Les limites du livre
How to Fail at Almost Everything a des qualités évidentes : clarté, humour, conseils applicables. Mais quelques réserves s’imposent.
Le biais du survivant est le premier angle mort. Adams a réussi. Il raconte son histoire à travers ce prisme. Mais combien de personnes ont suivi des systèmes similaires sans jamais percer ? Le livre ne peut pas répondre à cette question. Les conseils d’Adams fonctionnent peut-être, ou peut-être a-t-il simplement eu de la chance dans un monde où la chance compte plus qu’on ne veut l’admettre.
Certains passages sur la nutrition et la santé ont mal vieilli. Adams n’est pas scientifique. Ses recommandations alimentaires, présentées avec assurance, reflètent les modes de l’époque plus que des données solides. Sur ces sujets, mieux vaut chercher des sources plus rigoureuses.
Le livre présuppose aussi un certain niveau de liberté et de ressources. Développer plusieurs compétences, optimiser son énergie, tester des systèmes différents, tout cela demande du temps et une marge de manœuvre financière. Pour quelqu’un qui jongle entre deux emplois pour payer ses factures, les conseils sonnent un peu décalés.
Enfin, le style parfois provocateur d’Adams peut agacer. Il aime les formules à l’emporte-pièce, les généralisations audacieuses. « Goals are for losers » fait un bon titre de chapitre, mais la réalité est plus nuancée. Certains objectifs, bien définis et assortis de systèmes pour les atteindre, restent utiles.
Malgré ces limites, le livre vaut le détour pour qui cherche une perspective différente sur le succès et l’échec. Il n’est pas traduit en français, mais l’anglais reste accessible.
Questions fréquentes sur How to Fail at Almost Everything and Still Win Big
Quelle est la différence entre un système et un objectif selon Scott Adams ?
Un objectif est un résultat futur que vous visez, comme perdre dix kilos ou signer un contrat. Un système est une routine quotidienne qui améliore vos chances, comme faire du sport chaque jour ou prospecter régulièrement.

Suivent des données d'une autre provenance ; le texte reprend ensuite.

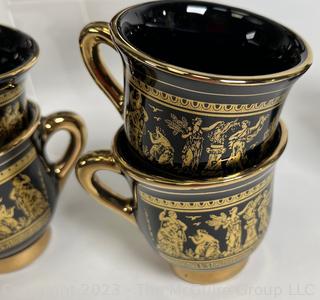 Black, Made in Greece 24K Gold Decorated Tea Set 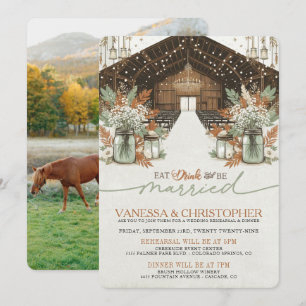 Rustikale Elegance Wedding Probe Einladung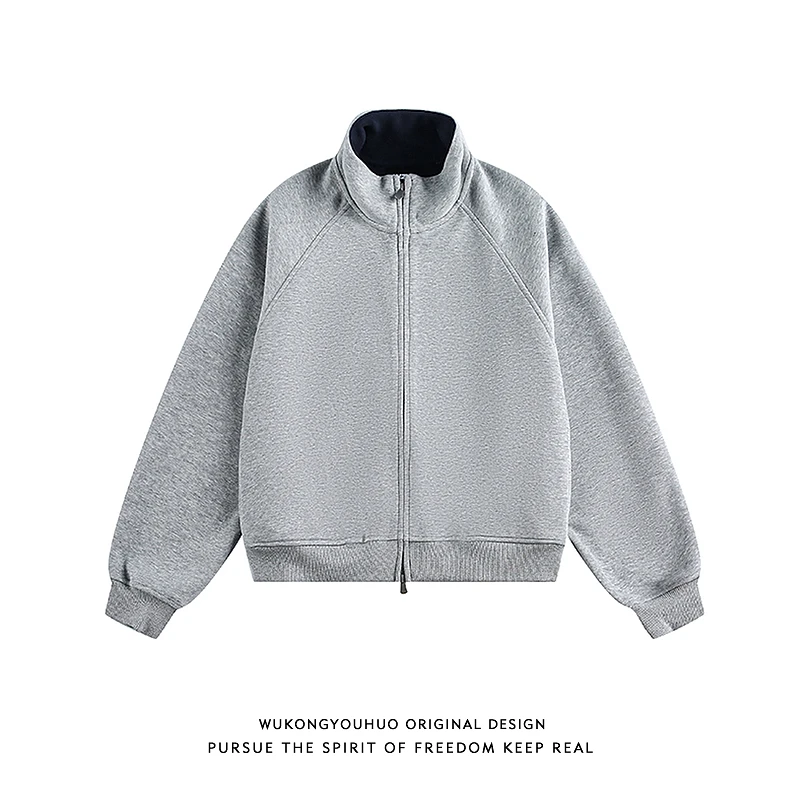 悟空有货美式重磅立领纯色开衫卫衣男女秋季宽松休闲百搭短款外套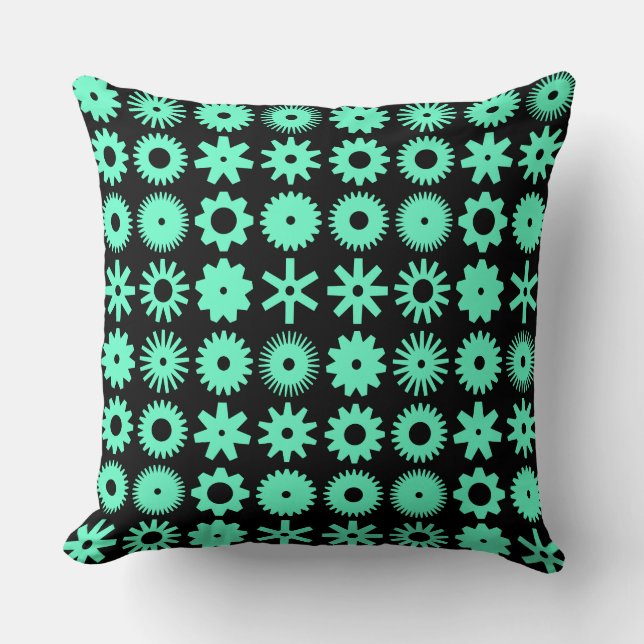 Coussin Cogs - Turquoise sur Noir (Recto)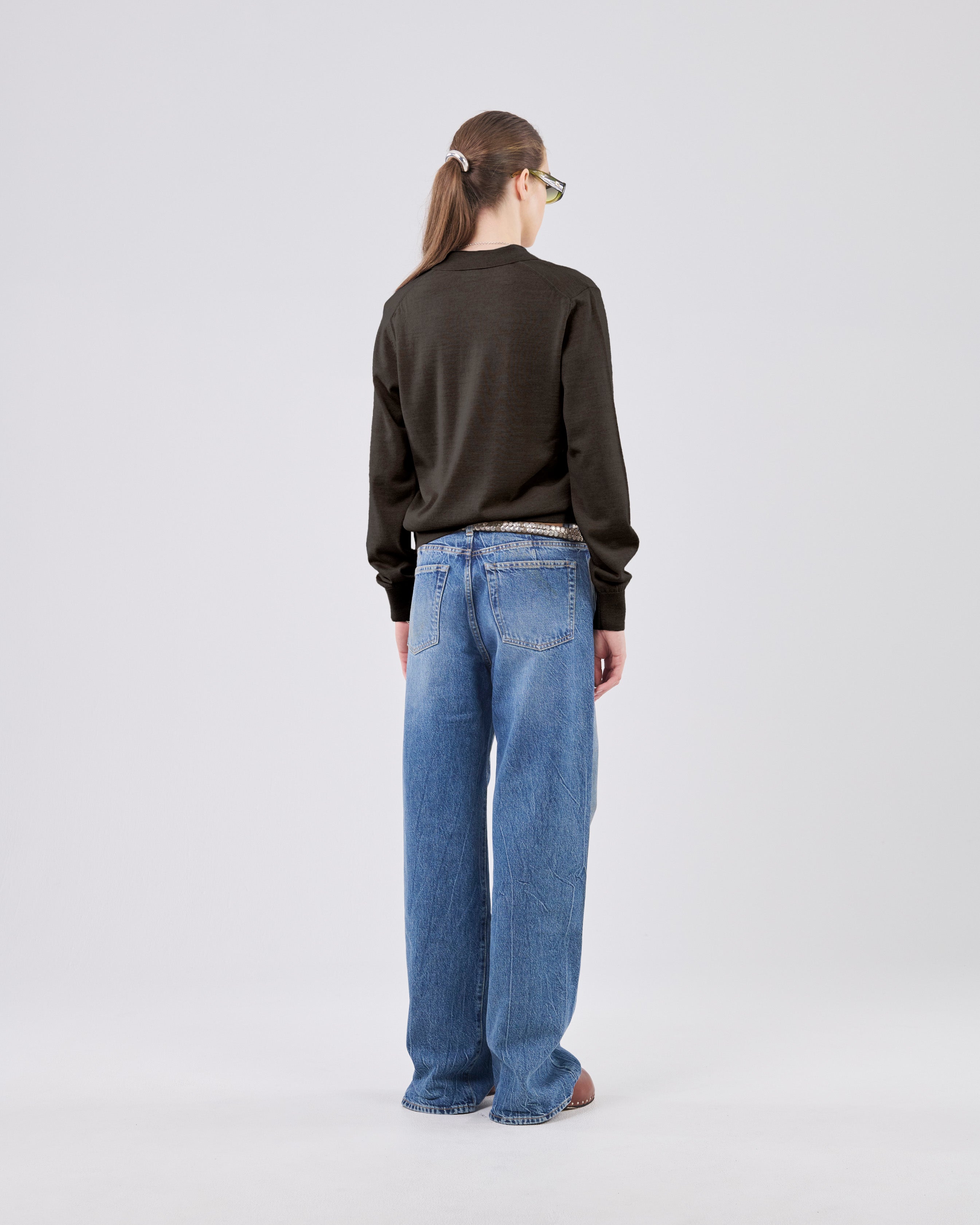 Longsleeve Polo, Brown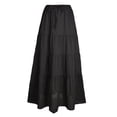 thumbnail image 2 of Qulqfy Womens Summer Maxi A-Line Peasant Long Skirts Fold Over High Waisted Flowy with Pockets Drawstring Black Skirt L, 2 of 7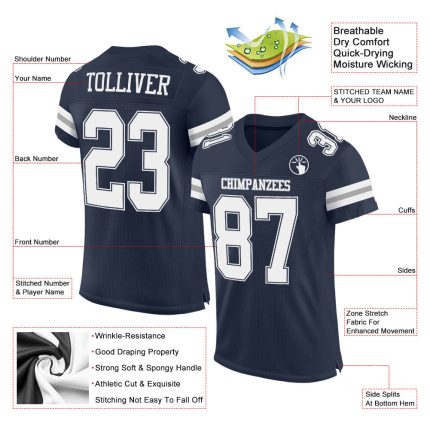Custom Name and Number Authentic Football Jersey - Personalized Navy Gray Mesh Team Jersey Personalized Navy White-Gray Mesh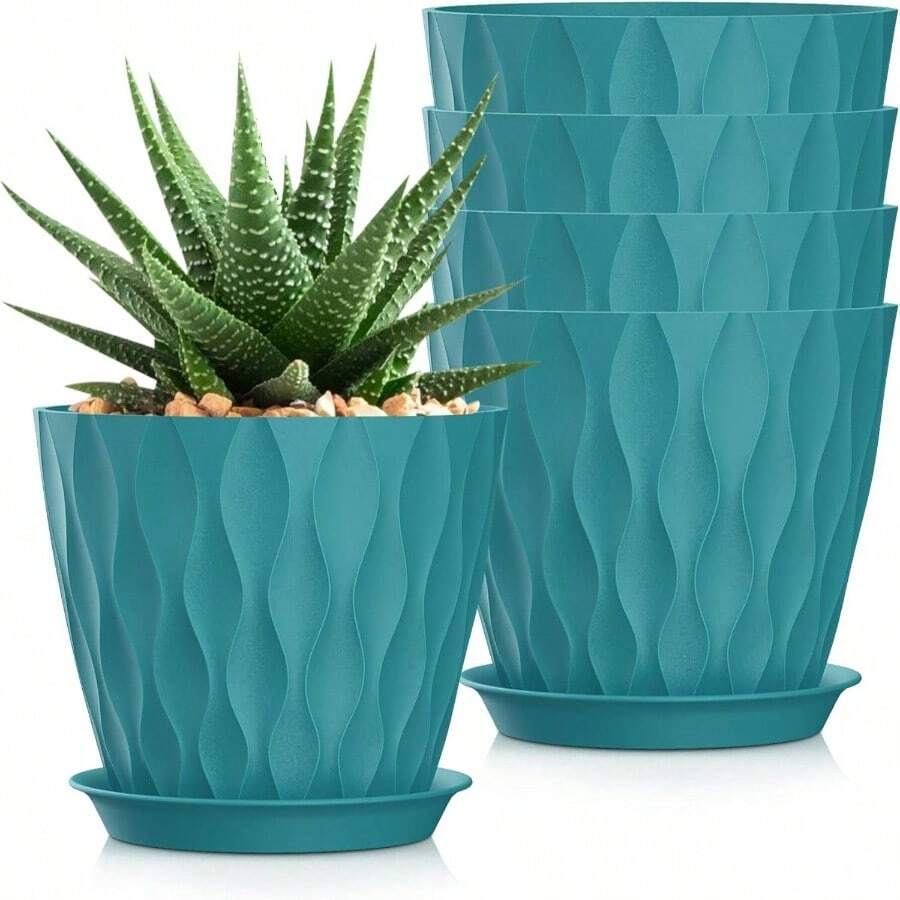 Inch Plant Pots 5 Pack, Flower Planters With Drainage Holes And Trays, Plastic Pots Indoor Outdoor Plants, White - Xanh lam-xanh lá cây + 5 chiếc 7 inch - Xem 1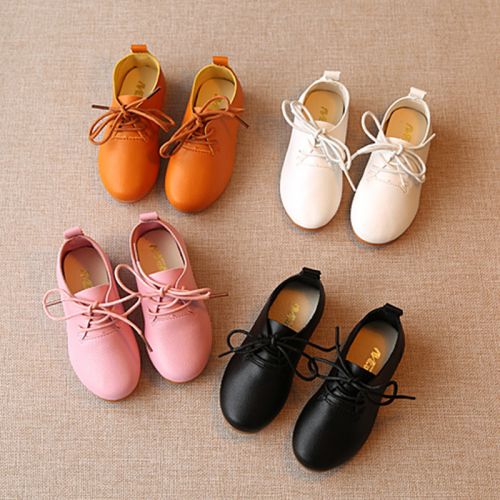 Chaussures enfants en PU ronde coutures cuir pour printemps - Ref 1002886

Le système vous fait progresser même si le résultat final tarde à venir.
Le livre est-il disponible en français ?
How to Fail at Almost Everything and Still Win Big n’a pas été traduit en français. Il reste disponible en anglais. Le style est direct et l’anglais accessible, même pour des lecteurs dont ce n’est pas la langue maternelle.
Qu’est-ce que le « talent stacking » ?
C’est l’idée qu’on peut réussir en combinant plusieurs compétences moyennes plutôt qu’en excellant dans un seul domaine. Adams a combiné dessin, humour et connaissance de l’entreprise pour créer Dilbert. La rareté vient de la combinaison, pas de l’excellence individuelle.

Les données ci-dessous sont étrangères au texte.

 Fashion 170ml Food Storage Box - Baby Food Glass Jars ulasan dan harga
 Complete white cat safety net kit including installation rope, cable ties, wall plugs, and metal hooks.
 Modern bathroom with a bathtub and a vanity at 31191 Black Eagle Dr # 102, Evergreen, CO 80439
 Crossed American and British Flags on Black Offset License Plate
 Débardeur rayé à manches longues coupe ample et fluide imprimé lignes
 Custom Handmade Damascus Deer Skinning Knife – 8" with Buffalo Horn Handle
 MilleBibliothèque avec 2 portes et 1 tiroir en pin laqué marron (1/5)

Scott Adams recommande-t-il de ne jamais avoir d’objectifs ?
Pas exactement. Il suggère que les objectifs seuls sont insuffisants et souvent démotivants. Un système peut viser un objectif, mais c’est le système qui compte au quotidien. L’objectif est une direction, le système est le chemin.
Pourquoi Adams parle-t-il autant d’énergie plutôt que de temps ?

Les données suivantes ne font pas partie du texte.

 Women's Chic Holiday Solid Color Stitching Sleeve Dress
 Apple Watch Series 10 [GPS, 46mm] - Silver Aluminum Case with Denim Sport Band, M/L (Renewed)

Parce que le temps disponible ne signifie rien si vous êtes épuisé. Gérer son énergie via le sommeil, l’alimentation et l’exercice améliore la qualité de chaque heure travaillée. Un entrepreneur fatigué prend de mauvaises décisions, même s’il a du temps.
Ce livre convient-il à quelqu’un qui débute ?
Oui, à condition de garder un esprit critique. Adams partage son expérience, pas une méthode universelle. Les conseils sur les systèmes et l’empilement de compétences sont particulièrement utiles pour qui cherche sa voie sans savoir exactement où il veut aller.